**Task:** For the material below, the expected output is exactly the lines between the line holding "Jun 2015 Peugeot" and the line holding "721 Precious Dr - Photo 3 of 21", inclusive, with pictures left out.

**Data for analysis:**
Segment Open
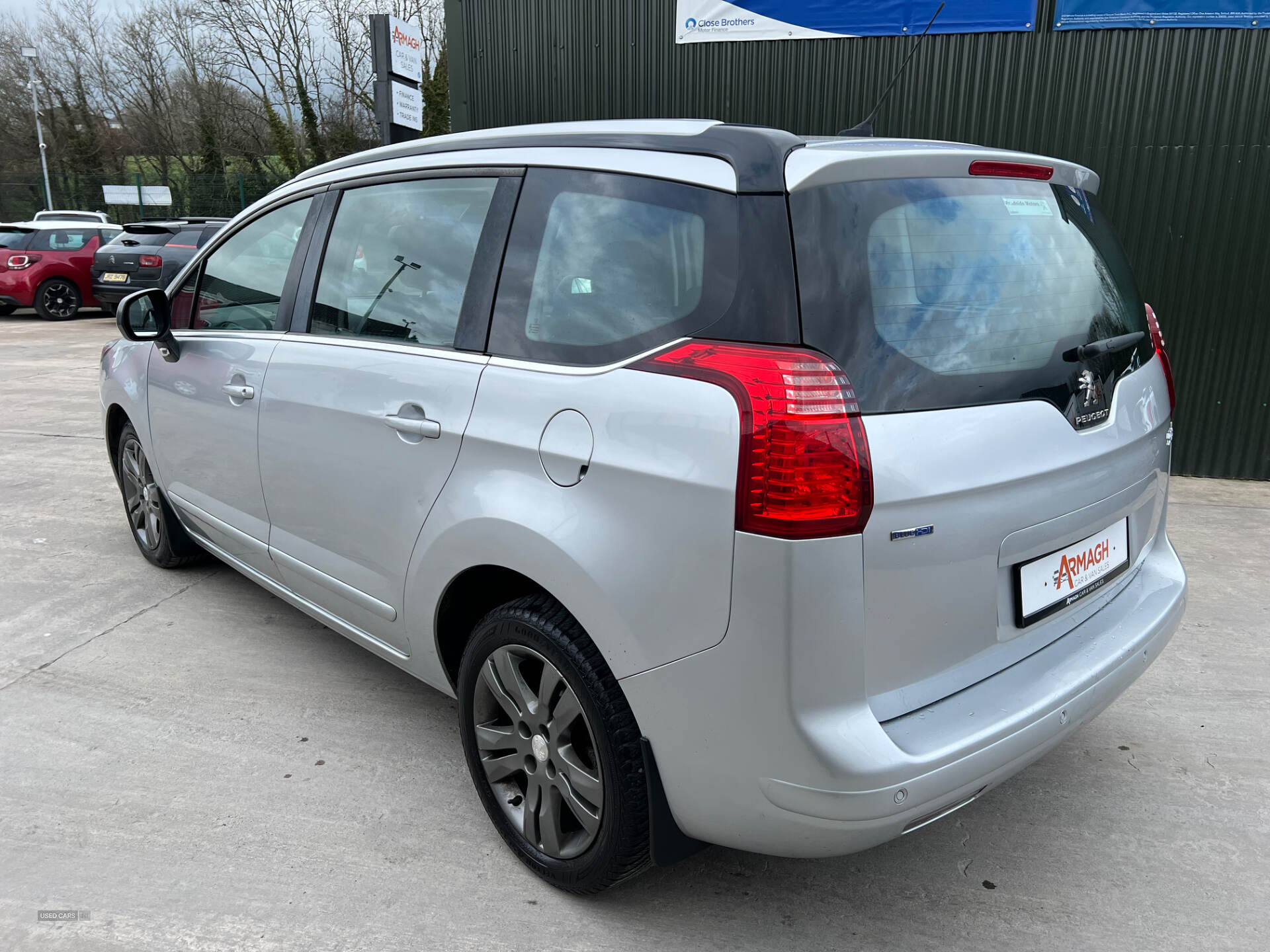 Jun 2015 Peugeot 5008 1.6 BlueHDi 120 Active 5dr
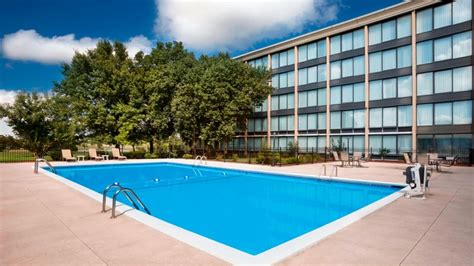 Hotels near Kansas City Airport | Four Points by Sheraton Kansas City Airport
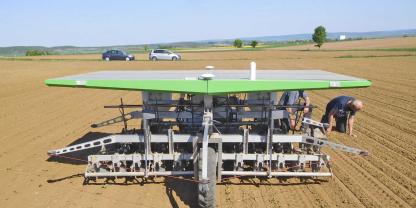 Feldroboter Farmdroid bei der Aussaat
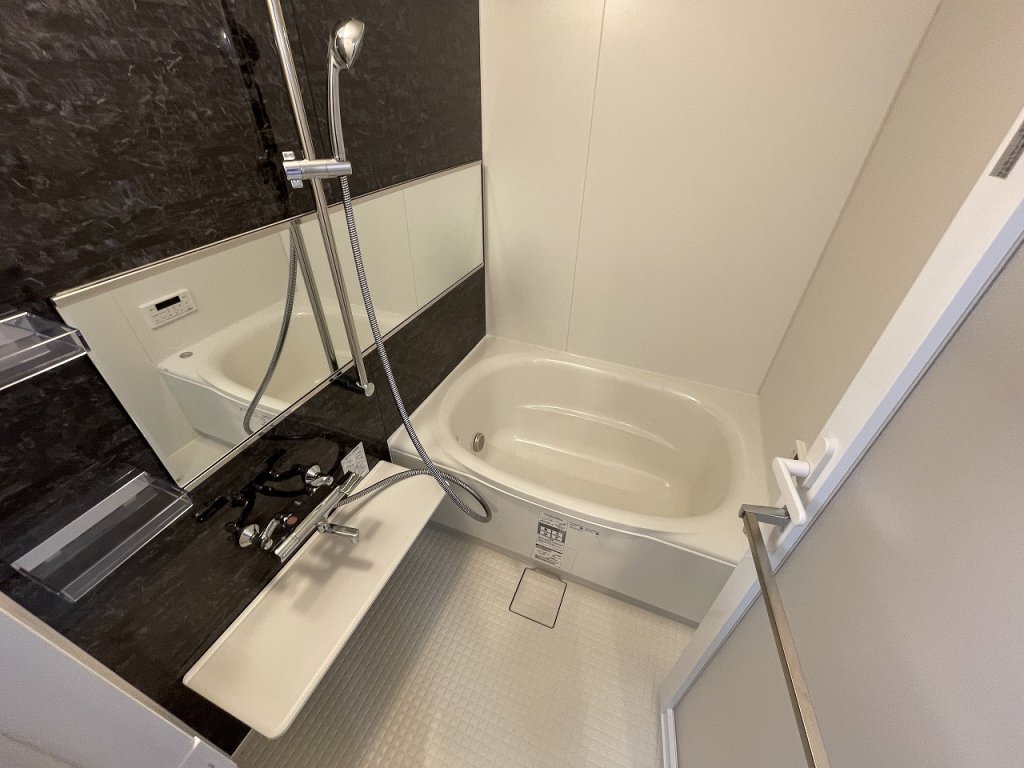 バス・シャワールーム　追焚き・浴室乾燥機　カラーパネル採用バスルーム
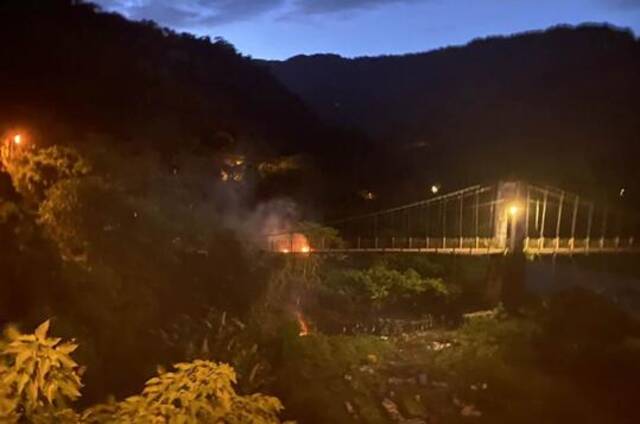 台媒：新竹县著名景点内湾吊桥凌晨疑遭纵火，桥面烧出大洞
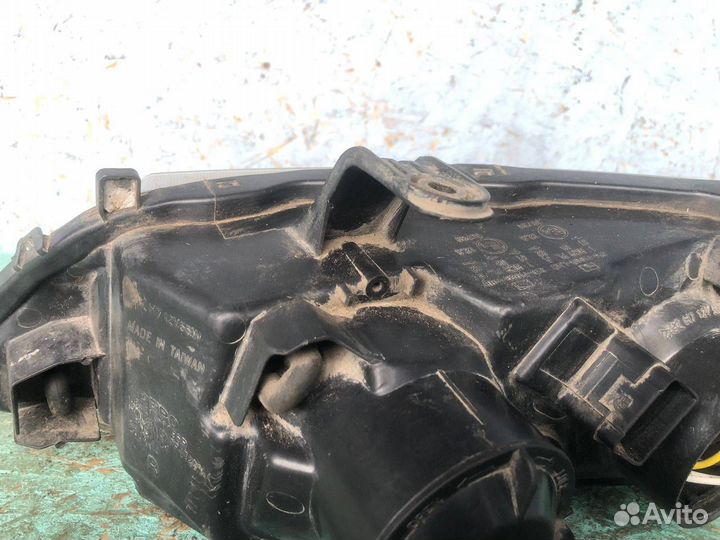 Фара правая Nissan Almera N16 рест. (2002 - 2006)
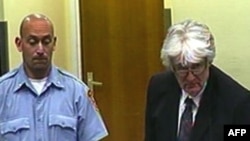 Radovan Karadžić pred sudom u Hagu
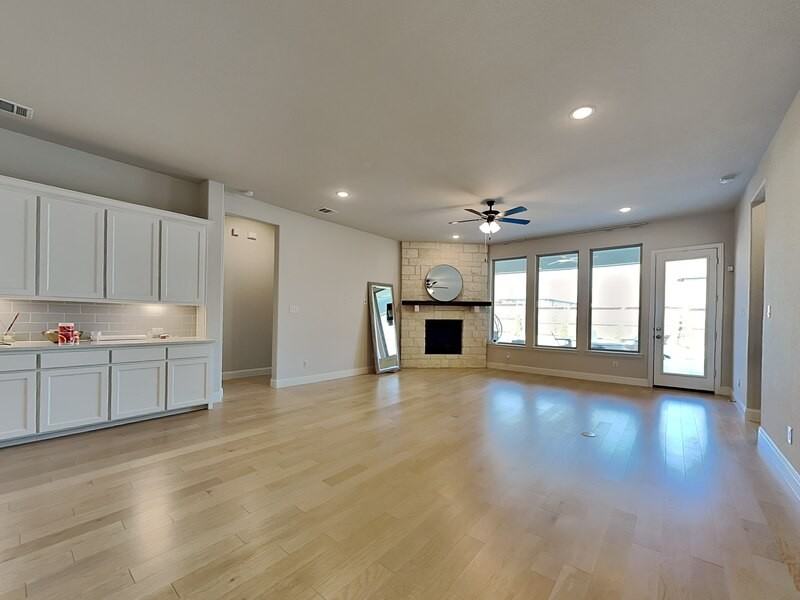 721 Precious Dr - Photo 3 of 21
Segment Closed
Segment Open
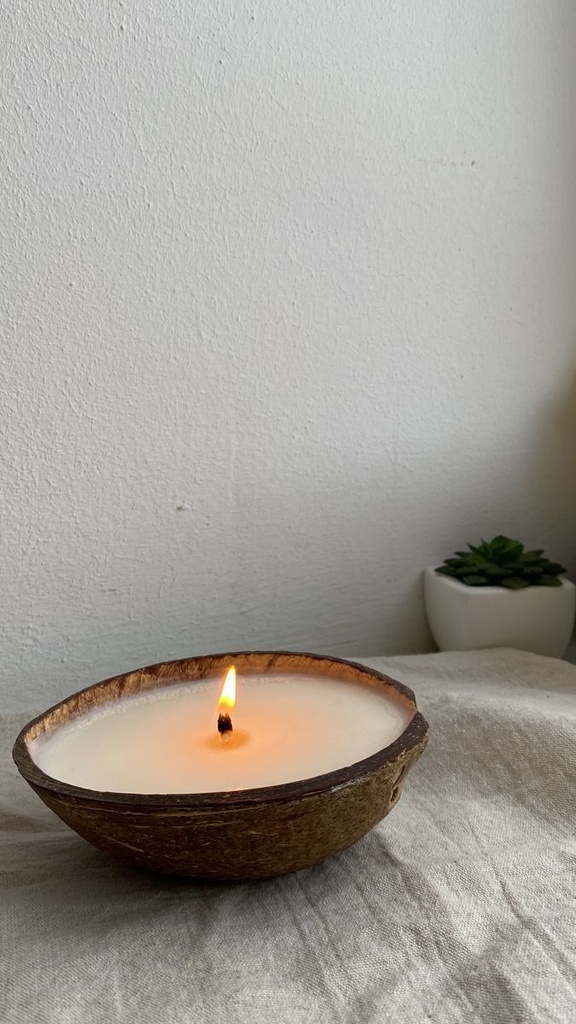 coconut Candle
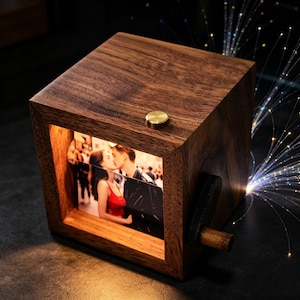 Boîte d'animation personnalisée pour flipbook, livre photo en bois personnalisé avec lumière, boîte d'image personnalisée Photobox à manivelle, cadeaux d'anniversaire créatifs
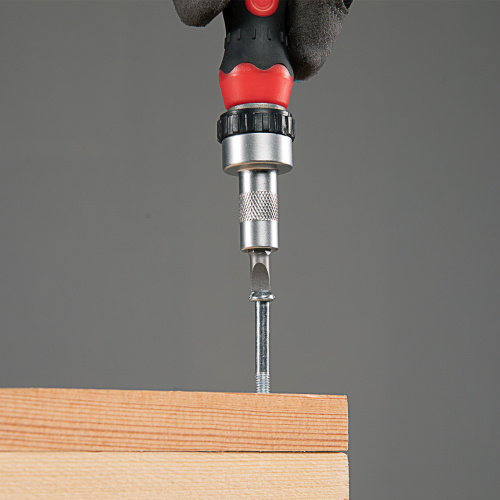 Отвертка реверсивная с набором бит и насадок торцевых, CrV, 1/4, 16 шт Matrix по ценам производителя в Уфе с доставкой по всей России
Segment Closed
**Answer area:**
 Jun 2015 Peugeot 5008 1.6 BlueHDi 120 Active 5dr
 Hotels near Kansas City Airport | Four Points by Sheraton Kansas City Airport
 Feldroboter Farmdroid bei der Aussaat
 バス・シャワールーム　追焚き・浴室乾燥機　カラーパネル採用バスルーム
 台媒：新竹县著名景点内湾吊桥凌晨疑遭纵火，桥面烧出大洞
 Фара правая Nissan Almera N16 рест. (2002 - 2006)
 Radovan Karadžić pred sudom u Hagu
 721 Precious Dr - Photo 3 of 21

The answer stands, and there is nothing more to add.